Bringing Medical Advances to Patients Sooner

Some 70 Americans will die today because the Food and Drug Administration doesn't allow existing medical technology to be used to save their lives.

If the FDA approves a product that eventually causes a problem in the marketplace, it gets into trouble. But if the product isn't available in the United States and isn't generally known to exist, the FDA doesn't get into trouble even if thousands of people die for lack of it.

Thus there was no outcry even though 119,000 people died of hypertension or heart disease during an eight-year wait for beta blockers to be approved. Or when more than 2,000 died from heart disease during three years of waiting for Mevacor.

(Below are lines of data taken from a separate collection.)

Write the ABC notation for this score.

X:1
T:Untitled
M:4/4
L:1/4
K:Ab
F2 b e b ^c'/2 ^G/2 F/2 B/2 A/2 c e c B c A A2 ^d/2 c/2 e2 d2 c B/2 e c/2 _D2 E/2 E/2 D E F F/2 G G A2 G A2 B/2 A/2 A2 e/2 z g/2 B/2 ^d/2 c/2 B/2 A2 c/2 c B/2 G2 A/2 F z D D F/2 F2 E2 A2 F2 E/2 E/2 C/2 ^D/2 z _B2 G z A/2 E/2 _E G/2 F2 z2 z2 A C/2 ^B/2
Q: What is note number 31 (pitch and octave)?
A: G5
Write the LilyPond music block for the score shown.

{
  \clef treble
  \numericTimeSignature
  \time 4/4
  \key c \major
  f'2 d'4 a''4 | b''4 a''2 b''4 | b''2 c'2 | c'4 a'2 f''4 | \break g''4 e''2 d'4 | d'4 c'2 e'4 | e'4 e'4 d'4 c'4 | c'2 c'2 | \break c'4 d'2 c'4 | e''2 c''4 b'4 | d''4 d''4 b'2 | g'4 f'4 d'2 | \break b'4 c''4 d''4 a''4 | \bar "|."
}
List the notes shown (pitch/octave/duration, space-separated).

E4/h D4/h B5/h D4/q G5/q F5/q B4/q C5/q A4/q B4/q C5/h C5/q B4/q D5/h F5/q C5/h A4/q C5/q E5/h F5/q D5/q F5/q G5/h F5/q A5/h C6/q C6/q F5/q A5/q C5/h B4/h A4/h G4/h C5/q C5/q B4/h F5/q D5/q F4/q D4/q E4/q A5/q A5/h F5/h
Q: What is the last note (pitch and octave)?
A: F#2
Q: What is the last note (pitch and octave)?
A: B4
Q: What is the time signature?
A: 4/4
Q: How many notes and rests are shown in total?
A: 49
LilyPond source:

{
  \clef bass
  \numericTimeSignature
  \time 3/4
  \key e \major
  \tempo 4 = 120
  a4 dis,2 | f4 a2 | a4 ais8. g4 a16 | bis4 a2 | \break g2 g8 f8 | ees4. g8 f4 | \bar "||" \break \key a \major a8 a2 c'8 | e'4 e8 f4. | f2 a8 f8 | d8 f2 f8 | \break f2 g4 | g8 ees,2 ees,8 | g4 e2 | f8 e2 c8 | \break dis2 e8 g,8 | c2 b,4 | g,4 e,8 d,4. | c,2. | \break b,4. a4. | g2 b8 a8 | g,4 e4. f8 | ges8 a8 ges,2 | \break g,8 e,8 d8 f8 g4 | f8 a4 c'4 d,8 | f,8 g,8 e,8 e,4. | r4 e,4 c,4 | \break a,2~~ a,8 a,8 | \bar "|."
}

Or when 3,500 died of kidney cancer during the three-year wait for Interleukin-2.

The procedures for bringing new products to use in the United States are among the slowest and most expensive in the developed world. In the 1960s it took six years for the FDA to approve a new drug. Now it takes almost 16 years, even with the recently heralded reduction in the time required for final review to just over a year and a half.

It's time to help the elderly and the ill by bringing drugs and medical devices to market more quickly. The Progress & Freedom Foundation has a proposal to do it. It would separate the development and product review process from the FDA's role of enforcing mandated safety and effectiveness standards.

The FDA would license private entities called Drug or Device Certifying Bodies (DCBs), which drug or device manufacturers would retain to oversee their product's development. Since manufacturers could choose among DCBs, they could compete to produce a lower-cost, faster, and higher quality process for drug and device development and review.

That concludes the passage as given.